Does the same conclusion not follow if $K$ is replaced by any subset of $\mathbb R^n$?
Here is my (possibly flawed) argument.
Let use take $n=2$ for simplicity. Let $S$ be an arbitrary subset of $\mathbb R^2$ and $A = \{x\in \mathbb R^2:\ d(x, S) = 1\}$. We want to show that $A$ has Lebesgue measure $0$. Let $I^2 = \{x\in \mathbb R^2:\ 0\leq x_1, x_2\leq 1\}$. For any $v\in \mathbb Z^n$ let $Q_v$ be the unit square defined as $Q_v = \{v+x:\ x\in I^2\}$. Thus $Q_0 = I^2$.

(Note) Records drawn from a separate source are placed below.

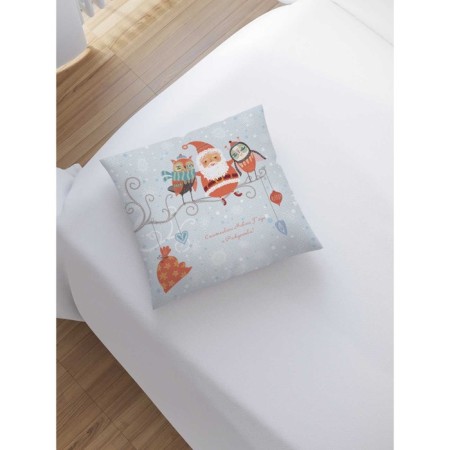 Decorative pillowcase "Santa Claus and Owls", on a zipper, size 45x45 cm-1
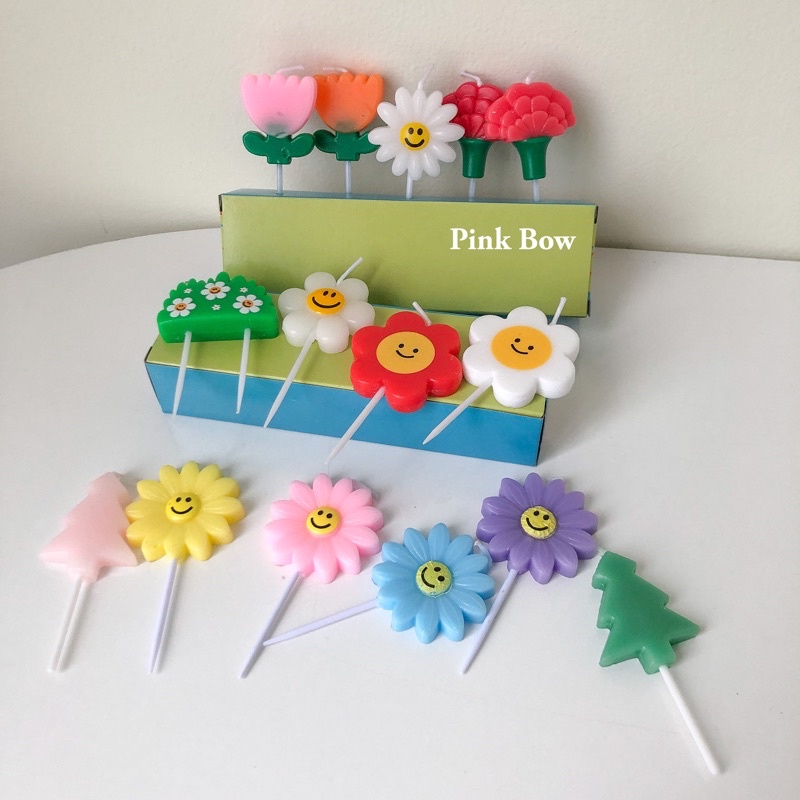 Nến sinh nhật hình bông hoa CÚC/DAISY/TULIP đủ màu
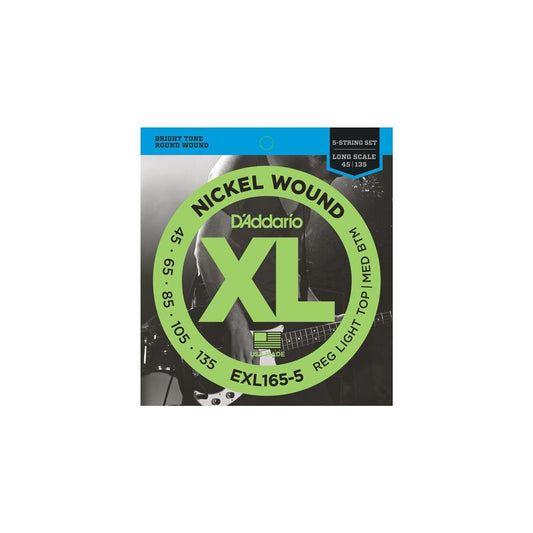 D'addario EXL165-5 Nickel Wound 5-String Bass Strings, Custom Light, 45-135, Long Scale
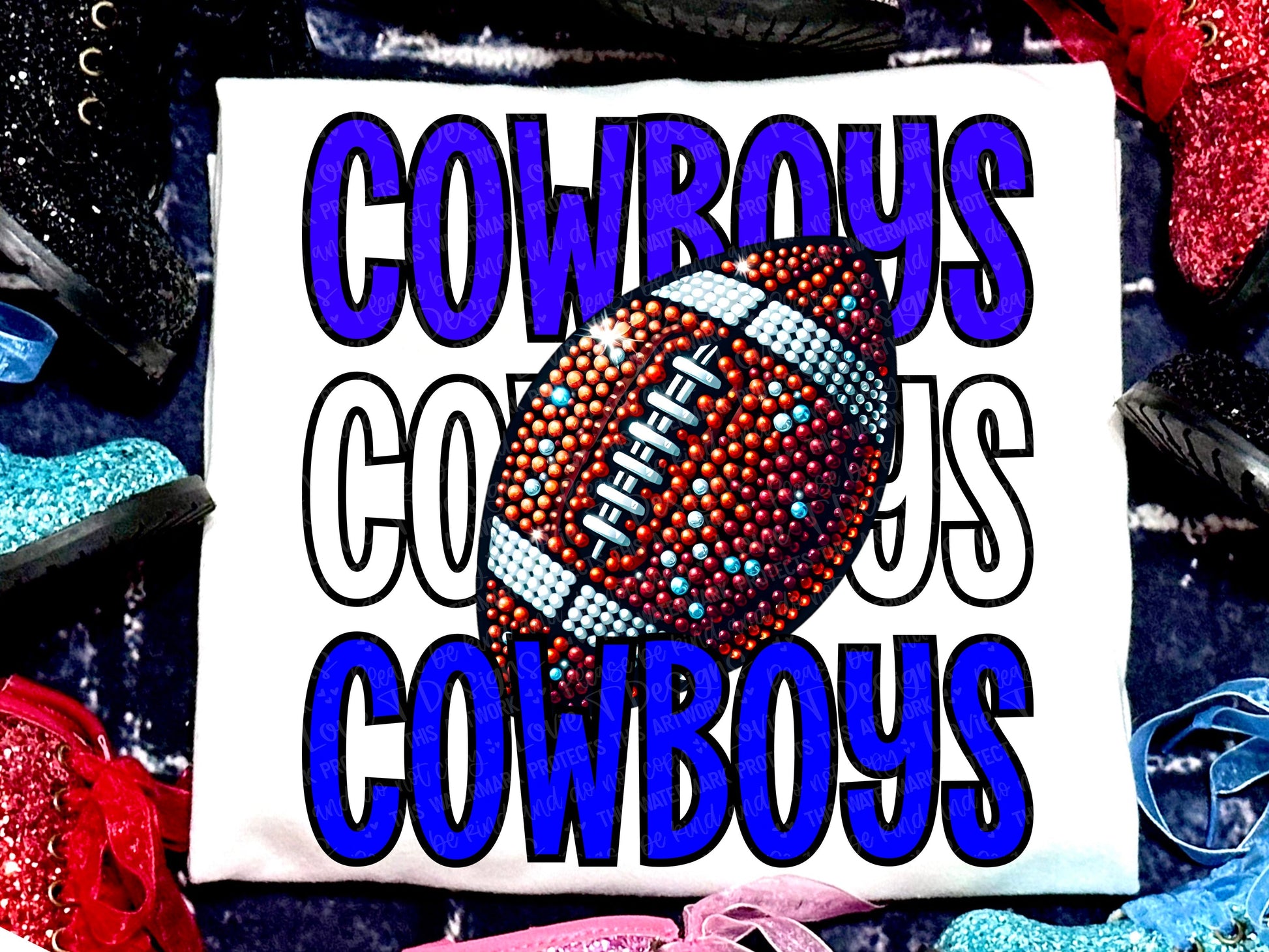 Cowboys Football Faux Rhinestones Royal Blue-Lovie T Designs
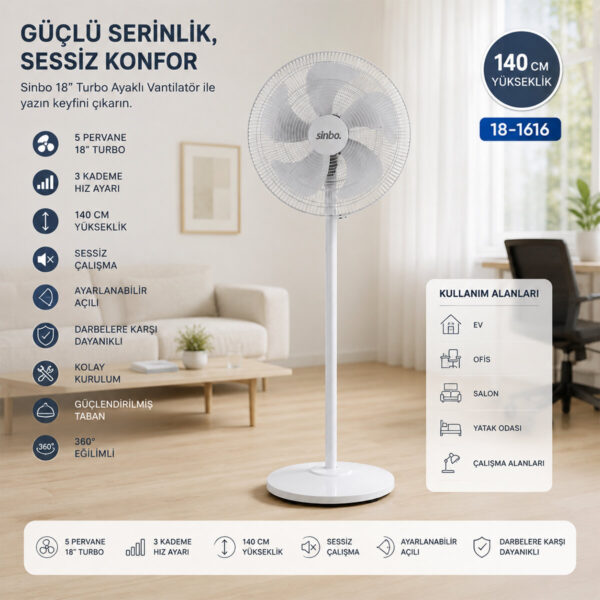 Beyaz 5 Pervane - 18 Inc Ev - Ofis Kompakt - Sessiz - Üç Kademe 140 cm Yükseklik Ayaklı Vantilatör Sf-6798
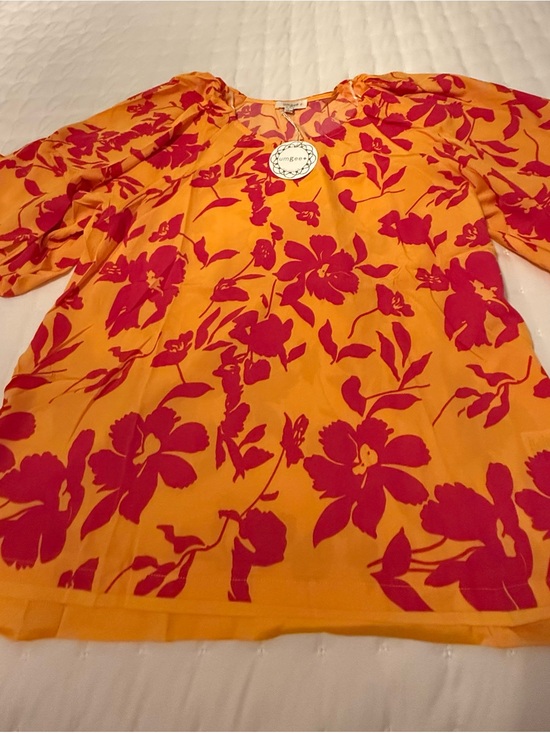Umgee Tops - Umgee Orange Tunic with Fuchsia Floral Print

Let $S_v = Q_v\cap S$ for any $v\in \mathbb Z^2$ and let $A_v$ be the set of points in $\mathbb R^2$ which are at a distance $1$ from $S_v$. Note that each $A_v$ has Lebesgue measure $0$ since $d(x, S_v) = d(x, \bar S_v)$ for any $x\in \mathbb R^2$, and $\bar S_v$ is compact. So we will be done if we can show that $A \subseteq \bigcup_{v\in \mathbb Z^2} A_v$. Indeed, let $x\in A$ be arbitrary and assume that $x\notin A_v$ for any $v$. Clearly, if $v$ is far away from $x$ then $d(x, S_v) > 2$. Thus, it follows that there is $\epsilon>0$ such that $d(x, S_v) > 1 + \epsilon$ for all $v$. But then $x$ cannot lie in $A$, a contradiction, and we are done.
I may be consistently overlooking a simple mistake.